After a whirlwind including a stint at Western Oregon University (which I loved) and a year at Husson College in perfect Maine, I've landed on my feet here at SUNY New Paltz where I serve as chair of the psychology department and teach several classes related to social psychology, evolutionary psychology, statistics, and research methods. My students and I are conducting all kinds of research -- most recently on the measurement of mating intelligence, a construct rooted in evolutionary psychology. We like to say that we're the best lab on campus!
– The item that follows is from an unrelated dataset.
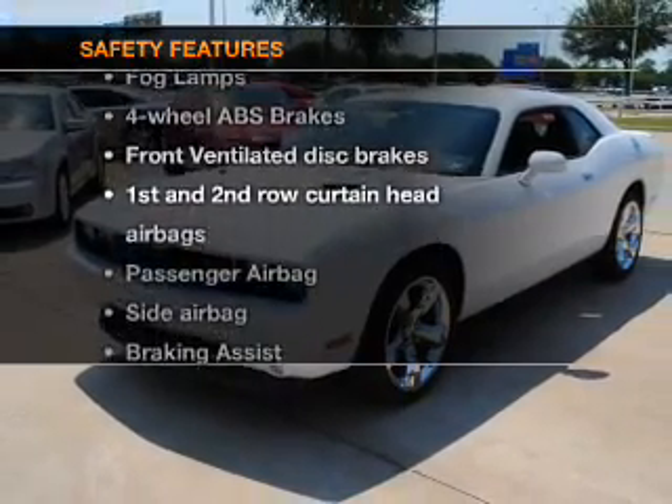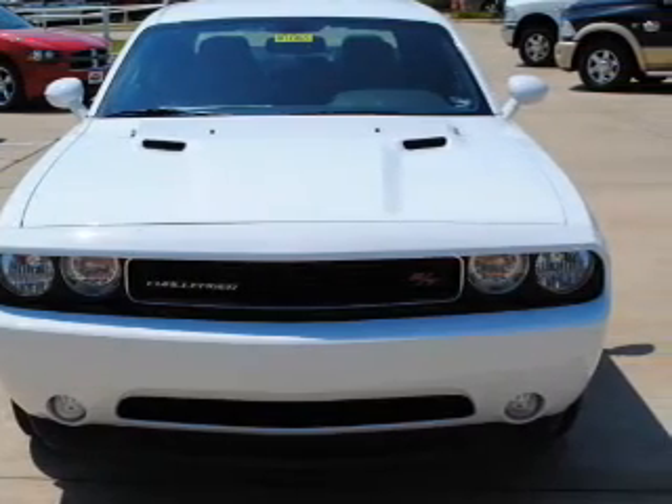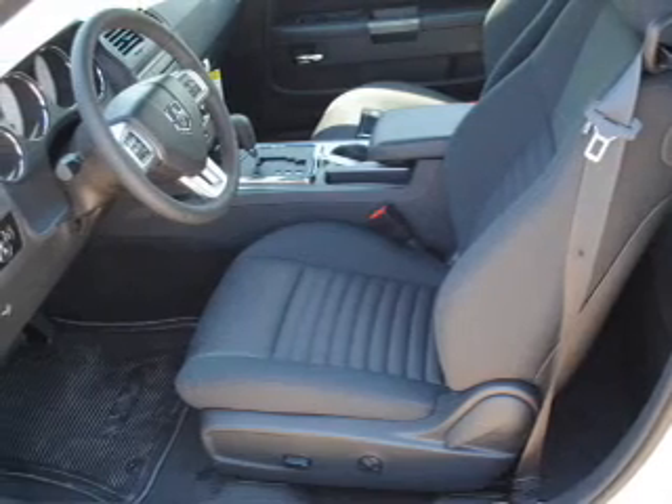And for your peace of mind, the following safety equipment is included: front ventilated disc brakes, passenger airbag, side airbag, curtain head airbags, and stability control.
The basic idea behind Mating Intelligecne pertains to the fact that evolutionary psychologists have recently demonstrated (strongly) that issues regarding mating have played a major role in determining the nature of the human mind -- however, in spite of this fact, research and theory on the topic of intelligence has pretty much ignored mating as a relevant topic fully. My research is designed to address this problem!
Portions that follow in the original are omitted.